Saramago's third act has the original group (minus one who perished early on) venturing out into what is left in the "real" world only out of sheer luck: the soldiers have all, too, gone blind, so there is no one to stop them. From the film trailers, this would be a relatively unexpected twist unless you had previously read the book: everything thus far makes it look like busting out of the government-imposed prison is the climax, but in reality, the descriptively post-apocalyptic world Saramago describes in the streets is what is the most fascinating and would translate the best on-screen. Audiences can only be kept in close quarters, like that mental institution, for so long without going crazy themselves, but in a movie theater, an audience member can just walk out, to the detriment of the filmmaker's project, so Meirelles would be greatly remiss not to take advantage of the world Saramago created in our small towns: everyone vagrant, as they can no longer find their own way home; shops and easily accessible apartments ransacked for food and clothing; dogs turning wild left to their own devices; the dead littering the street like common trash.

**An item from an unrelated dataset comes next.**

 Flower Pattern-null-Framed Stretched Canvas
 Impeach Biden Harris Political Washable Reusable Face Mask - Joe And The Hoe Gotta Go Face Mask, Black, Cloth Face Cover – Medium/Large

It is unfortunate, though, that the greater themes of this novel will probably get lost in the vast imagery of the film. Already, the trailer boasts solitary men and women wandering alone, and lost, disoriented down an abandoned freeway, and yes, admittedly, it looks quite cool, but those frames can only hold interest for so long before the greater curiosity of "why" is piqued and then prodding. So many films before this one have had moral issues at their core but glossed over them, preferring to show off the flashy-- like a man who just can't take it anymore and shoots himself dead in front of a group of his peers-- and unfortunately, after all of the past disappointments, there is just little faith left that Meirelles' will be any different. I hope he proves me wrong.

The doctor's wife makes her way to a church at one point and is shocked to find that all of the images inside, including and perhaps most poignantly, the statue of Jesus nailed to his cross, have their eyes covered with white strips of cloth, not unlike the tattered rags the blind wear during their time in the mental institution. In a slightly "hit you over the head" with it sort of way, Saramago was offering an explanation for why the white blindness came over these people when it did. Just like an addict, sometimes life and society have to hit rock bottom before they can begin to heal. And just as literally, sometimes one must become physically blind in order to realize how emotionally and spiritually blind they have been-- whether it is in action or simply overlooking the actions of others, it is all a sin. If Meirelles tells this story right, it should give us all something to think about-- as filmmakers and as film-goers, especially in today's technologically enhanced world, we are witnesses to just about everything, and therefore a lot of responsibility lies on our shoulders; what we do with it may mean the avoidance (or the cause) of such an epidemic.